__What is being asked__
Nothing in the records may be left out or altered; reproduce them all exactly.

__Supplied data__

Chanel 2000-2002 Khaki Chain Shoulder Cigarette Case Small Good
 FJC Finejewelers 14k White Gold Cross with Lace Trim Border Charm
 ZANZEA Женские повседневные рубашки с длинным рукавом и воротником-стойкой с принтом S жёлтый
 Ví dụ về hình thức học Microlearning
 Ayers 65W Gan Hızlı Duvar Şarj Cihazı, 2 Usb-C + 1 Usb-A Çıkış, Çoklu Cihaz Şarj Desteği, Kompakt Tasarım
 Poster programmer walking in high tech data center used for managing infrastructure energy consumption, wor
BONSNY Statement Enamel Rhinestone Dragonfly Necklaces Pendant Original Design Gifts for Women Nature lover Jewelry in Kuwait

__Answer to the problem__
Chanel 2000-2002 Khaki Chain Shoulder Cigarette Case Small Good
 FJC Finejewelers 14k White Gold Cross with Lace Trim Border Charm
 ZANZEA Женские повседневные рубашки с длинным рукавом и воротником-стойкой с принтом S жёлтый
 Ví dụ về hình thức học Microlearning
 Ayers 65W Gan Hızlı Duvar Şarj Cihazı, 2 Usb-C + 1 Usb-A Çıkış, Çoklu Cihaz Şarj Desteği, Kompakt Tasarım
 Poster programmer walking in high tech data center used for managing infrastructure energy consumption, wor
BONSNY Statement Enamel Rhinestone Dragonfly Necklaces Pendant Original Design Gifts for Women Nature lover Jewelry in Kuwait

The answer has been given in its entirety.